Eugene Volokh

- UCLA School of Law

Eugene Volokh teaches Constitutional Law II (Free Speech, Religious Freedom, and Church-State Relations), Criminal Law, and Tort Law. He is a nationally recognized expert on the First Amendment, cyberspace law, harassment law, and gun control. He is also a member of the American Law Institute, and of the American Heritage Dictionary Usage Panel, as well as an academic affiliate with the Mayer Brown LLP law firm.

Professor Volokh clerked for Judge Alex Kozinski of the U.S. Court of Appeals for the Ninth Circuit and Justice Sandra Day O’Connor of the U.S. Supreme Court. He graduated from UCLA with a B.S. in math-computer science. He then worked for twelve years as a computer programmer and is still a partner in a small software company which sells HP 3000 software that he wrote.

Professor Volokh has written over 60 law review articles and over 80 op-eds on constitutional law, cyberspace law, and other topics. He is also the author of the casebook The First Amendment: Problems, Cases, and Policy Arguments (3d ed. 2007); the textbook Academic Legal Writing: Law Review Articles, Student Notes, Seminar Papers, and Getting on Law Review (4th ed. 2010); and the Volokh Conspiracy Web log, http://volokh.com, which gets about 25,000 unique visitors per weekday. A 2002 survey by University of Texas law professor Brian Leiter listed him as the third most cited law professor among those who entered teaching after 1992.
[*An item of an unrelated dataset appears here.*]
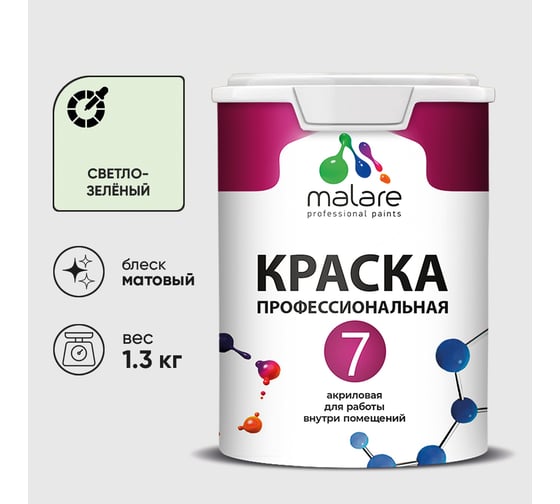 Краска для стен, потолков и обоев MALARE Евро 7, светло-зеленый, 1,3 кг 2021723984000 КЕВРО7СВЗМ0130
His most recent major articles are Nonlethal Self-Defense, (Almost Entirely) Nonlethal Weapons, and the Rights To Keep and Bear Arms and Defend Life, 62 Stanford L. Rev. 199 (2010); Implementing the Right To Keep and Bear Arms for Self-Defense: An Analytical Framework and a Research Agenda, 56 UCLA L. Rev. 1443 (2009); Symbolic Expression and the Original Meaning of the First Amendment, 97 Georgetown L.J. 1057 (2009); and Medical Self-Defense, Prohibited Experimental Therapies, and Payment for Organs, 120 Harvard L. Rev. 1813 (2007).  Three of his law review articles were cited in the Supreme Court’s 2008 Second Amendment decision, D.C. v. Heller.